Each Monte Carlo sample corresponds to one possible weighting configuration.
Typically, we assume the weights follow a Dirichlet distribution, since it ensures they are:
non-negative, and
sum to 1.
So for each sample \(w^{(n)} = [w_1^{(n)}, \ldots, w_k^{(n)}] \sim Dir(\alpha)\),
we compute a suitability map (or its mean, variance, or other summary), giving us an output \(S^{(n)}\).
By repeating this process many times, we build up a Monte Carlo estimate of:
\[
Var(S)
\]
and can compute Sobol’ indices that tell us: - which criteria (and which combinations of criteria) most affect the variability of the suitability score.
3.4 In Summary
Concept
In Classical Sobol’ (e.g., Ishigami)
In GIS/MCDA Context
Inputs (\(X_i\))
Continuous variables (model factors)
Weights or parameters (\(w_i\))
Sampling
Uniform on defined ranges
Dirichlet (weights sum to 1) or uniform
Output (\(Y\))
Model result (scalar or array)
Suitability score (map or region mean)
Purpose
Quantify how each factor affects variance
Quantify how each criterion weight affects suitability uncertainty
3.5 Intuition
In MCDA, Sobol’ sensitivity analysis tells you which weights really matter — and which could vary without changing the results much.

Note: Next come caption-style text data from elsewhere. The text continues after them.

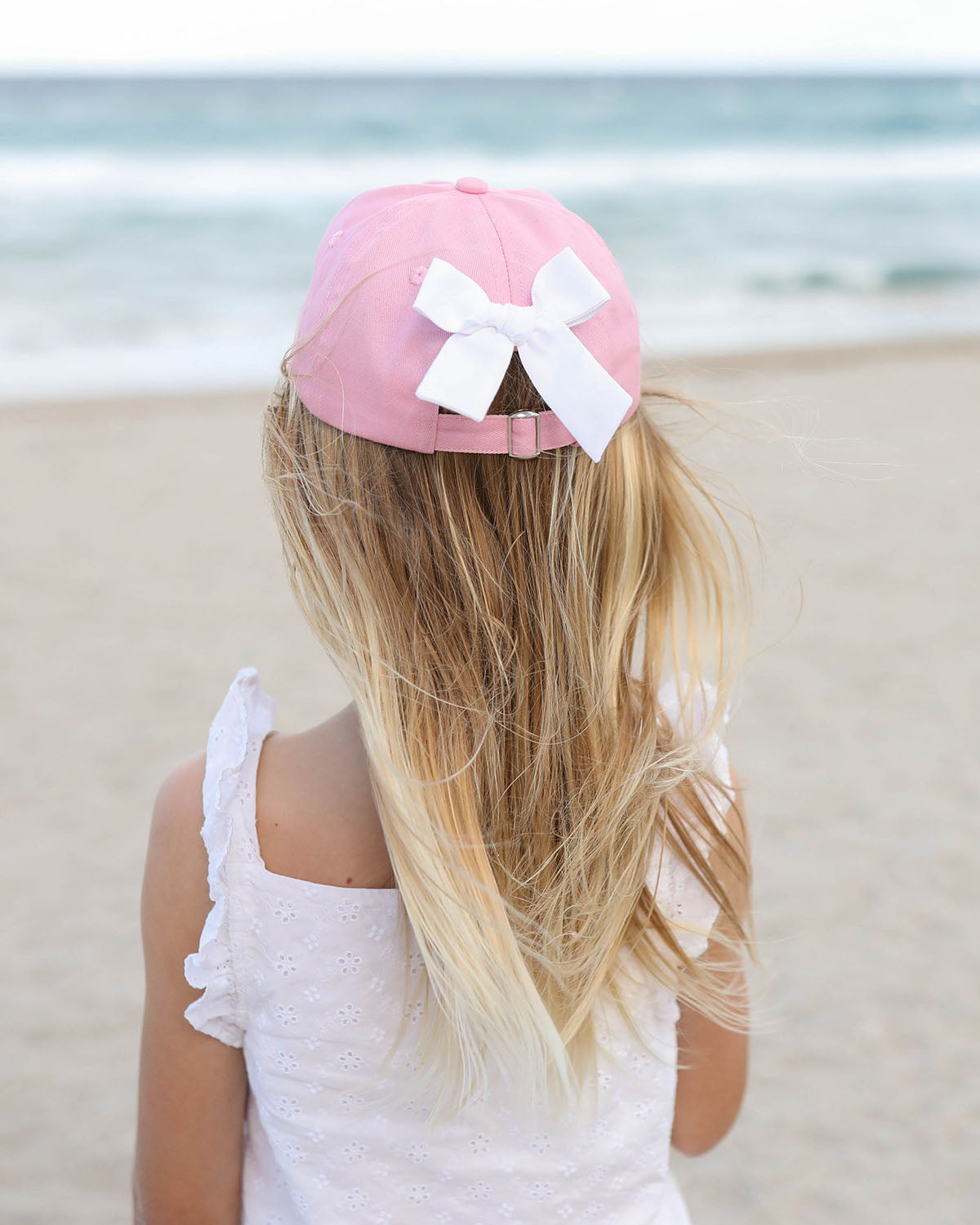 Girl wearing a pink baseball hat with a white bow on the back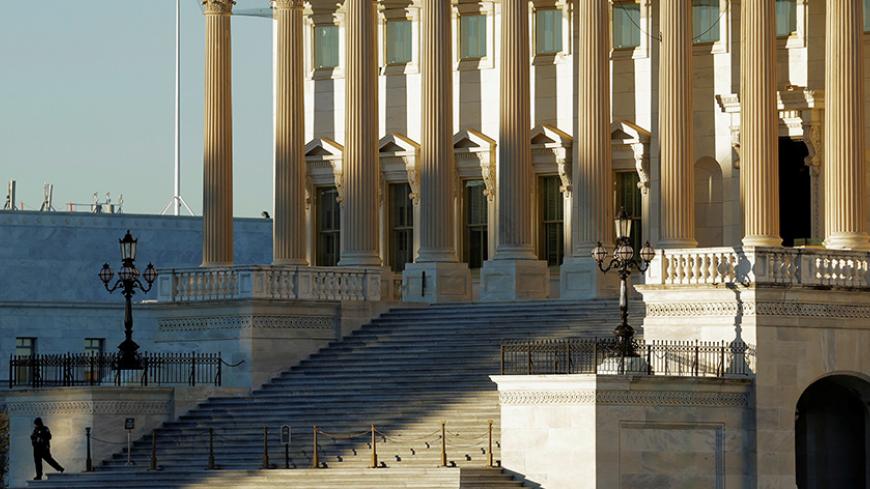 A security guard stands on the step to the House of Representatives at the U.S. Capitol in Washington, U.S., November 7, 2016. REUTERS/Joshua Roberts - RTX2SCP1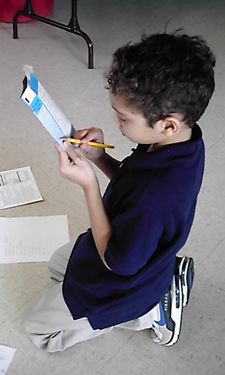 A Wise Kids participant practices reading food labels.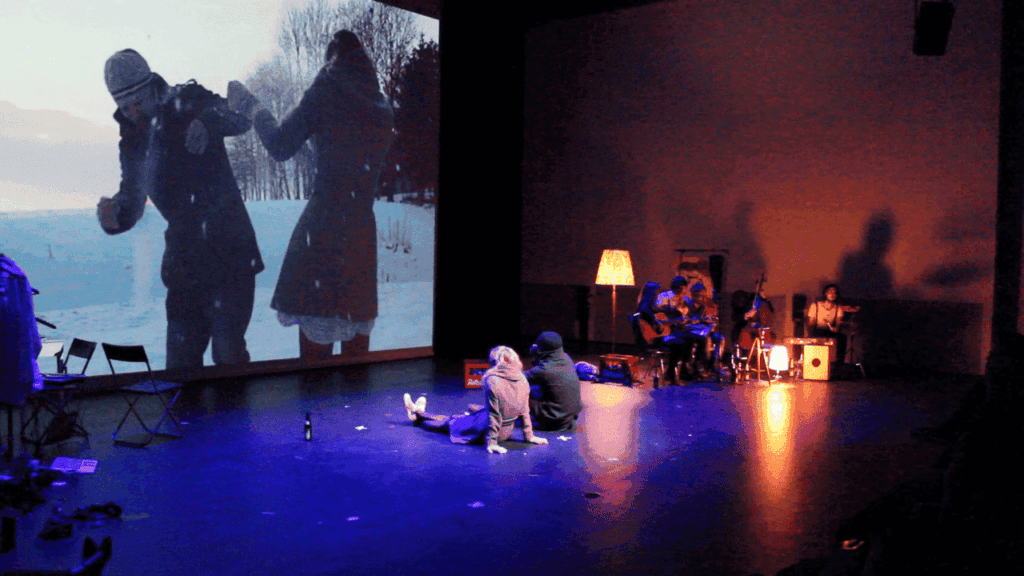 Auf einer Bühne sitzen zwei Menschen vor einer Wandprojektion, die Menschen im Winter zeigt. Sie sind in einem dunklen Raum und im Hintergrund sitzt eine Band.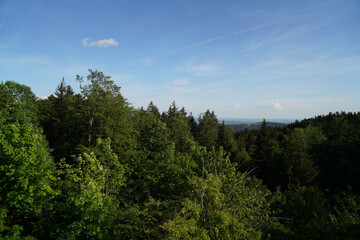 Landscape photos in the Bavarian Forest with fascinating clouds and blue sky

The first-order Sobol’ indices show which single criteria dominate the suitability pattern.
The total-order indices show where there are interactions (e.g., when two layers together produce strong or unexpected outcomes).
Thus, the Monte Carlo samples are not “random pixels” — they are random decision models, each representing one plausible set of preferences (weight vectors).
In short: in Sobol’ analysis of MCDA, we use Monte Carlo sampling to explore uncertainty in the decision weights — typically by drawing thousands of plausible weight combinations from a Dirichlet distribution — and then measure how those differences propagate through to the final suitability results.